Keywords: antimicrobial resistance, Campylobacter jejuni, Comprehensive Antibiotic Resistance Database, shotgun proteomics, whole genome sequencing

The emergence and spread of antimicrobial resistance (AMR) mechanisms in bacterial pathogens have rendered many antibiotics ineffective, resulting in a global health crisis.1 Clinical microbiology laboratories currently perform antimicrobial susceptibility testing (AST) using phenotypic methods, such as the minimum inhibitory concentration (MIC). However, these methods standardly rely on cultured isolates, which can be problematic if the pathogen is slow growing or unculturable. Molecular techniques have been developed to complement traditional culture‐based phenotypic AST. Such techniques include genotypic testing with polymerase chain reaction (PCR), transcriptomic testing with quantitative reverse transcription PCR, and proteomic testing with matrix‐assisted laser desorption/ionization time‐of‐flight mass spectrometry (MALDI‐TOF MS).2

Whole genome sequencing (WGS) provides a comprehensive inventory of an organism's functional potential, making it an attractive approach for AST. A number of excellent resources for detecting AMR from WGS data are publicly available.3 Of these, the Comprehensive Antibiotic Resistance Database (CARD)4 stands out for its high quality, manually curated resistance detection models derived from experimentally verified phenotype–genotype associations reported in the scientific literature, and through collaborations with public health and clinical microbiology laboratories. CARD contains databases specific to the molecular determinants of AMR, including protein homologs, protein and rRNA variants, and regulatory mutations in efflux systems.
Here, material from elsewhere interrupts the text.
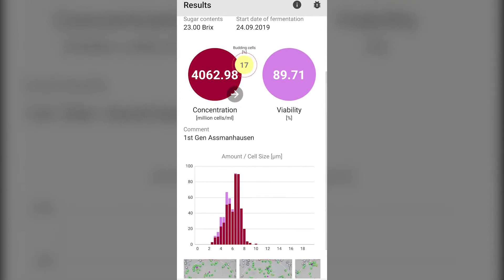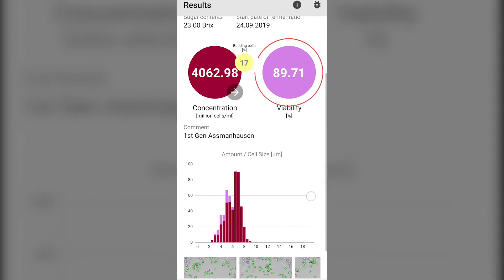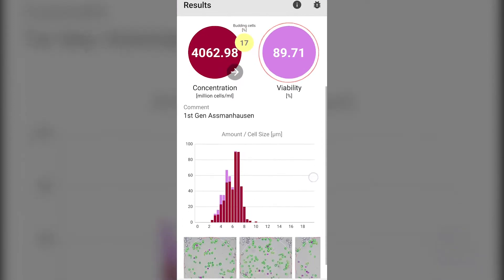In the tiny yellow circle is the percentage of cells that are budding. In the violet circle is the viability percentage.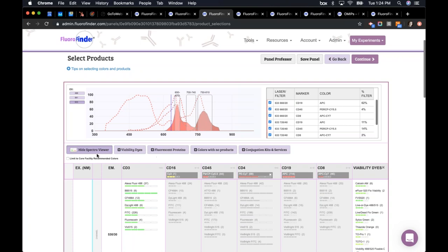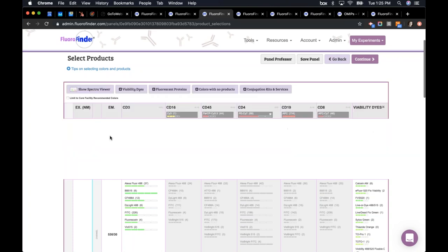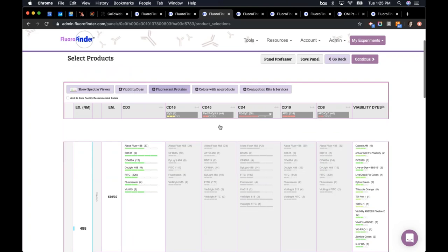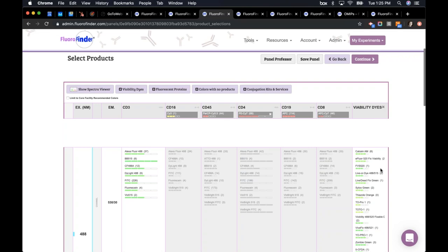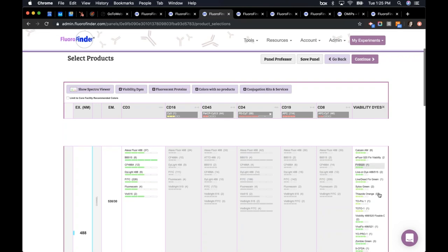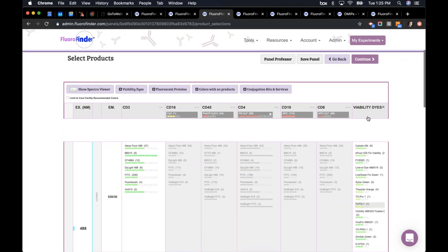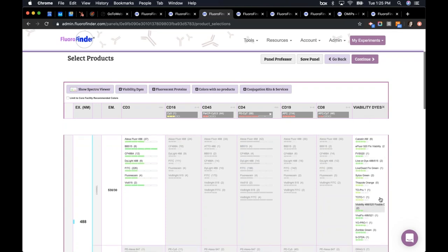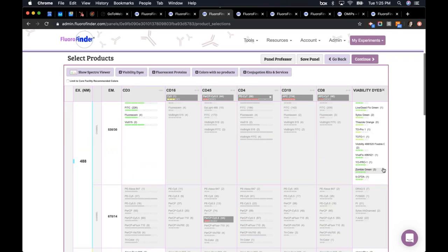In addition to the Spectra Viewer, we have the Viability Dyes button. Clicking it adds a whole separate column on the right-hand side showing every viability dye in the FloraFinder system and which channel each one is optimal in, making it easy to select a viability dye as you go through the panel building process. If you're doing fluorescent protein work, use the Fluorescent Protein button to add all fluorescent proteins into this matrix.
Although promising, the suitability of WGS for AST has yet to be established.5 Molecular tests that provide evidence of the expression of the implicated genes—such as transcriptomics‐based and proteomics‐based tests—should in theory be superior to genomics‐based tests alone. Transcriptomics approaches to AMR detection are problematic due to their low correlation with protein abundance levels.6 Generally, multiple molecular factors contribute to observed discrepancies among gene content, transcriptome, proteome, and phenome. Proteomics methods that directly detect the presence and abundance of the proteins that confer AMR should, in theory, provide the strongest molecular evidence of resistance.2

A number of proteomics techniques have been used to study AMR.7 Whole‐cell MALDI‐TOF MS has been used successfully for AMR screening, but the resulting fingerprint provides no useful information at the individual protein level. Targeted proteomic approaches, such as those based on selected reaction monitoring, can provide higher sensitivity and specificity for detecting and quantifying specific biomarkers, but these methods require prior knowledge of the target biomarker and are not as suitable for use with the ever‐growing AMR databases. Shotgun proteomics by liquid chromatography‐tandem MS (LC‐MS/MS) provides high‐resolution data that enables investigation of underlying resistance mechanisms as well as specific antimicrobial agent(s) of interest.8, 9, 10, 11 Currently, no whole‐proteome‐based AMR detection method yet exists that acts as a functional equivalent to genomic and transcriptomic approaches for surveying an organism's resistome.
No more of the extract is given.